Taking the listing below, restate word for word each line from the line with "Classics Self Hinge" to the line with "GABA 500 mg + B6 - 100 капсули", ends included, and stop there.

STUDY MATERIAL:
· · ·

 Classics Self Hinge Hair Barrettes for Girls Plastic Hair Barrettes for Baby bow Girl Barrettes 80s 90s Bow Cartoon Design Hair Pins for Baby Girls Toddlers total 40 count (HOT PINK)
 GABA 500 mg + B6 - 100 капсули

· · ·

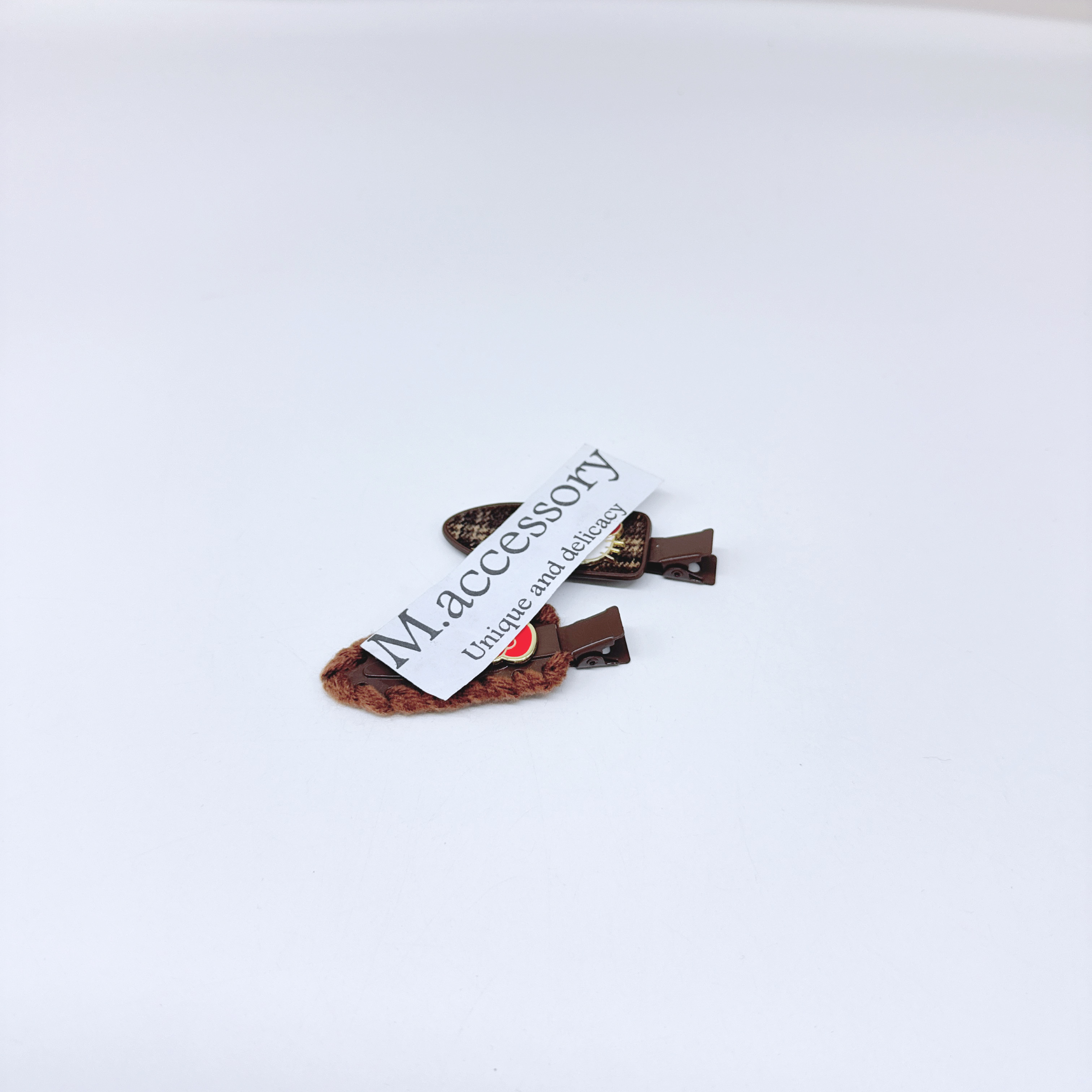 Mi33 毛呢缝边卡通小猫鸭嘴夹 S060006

· · ·

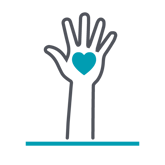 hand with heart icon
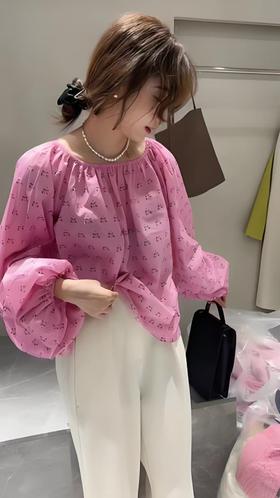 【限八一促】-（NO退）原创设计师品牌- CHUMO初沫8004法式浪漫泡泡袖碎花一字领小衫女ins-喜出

· · ·

EXERCISE SOLUTION:
 Classics Self Hinge Hair Barrettes for Girls Plastic Hair Barrettes for Baby bow Girl Barrettes 80s 90s Bow Cartoon Design Hair Pins for Baby Girls Toddlers total 40 count (HOT PINK)
 GABA 500 mg + B6 - 100 капсули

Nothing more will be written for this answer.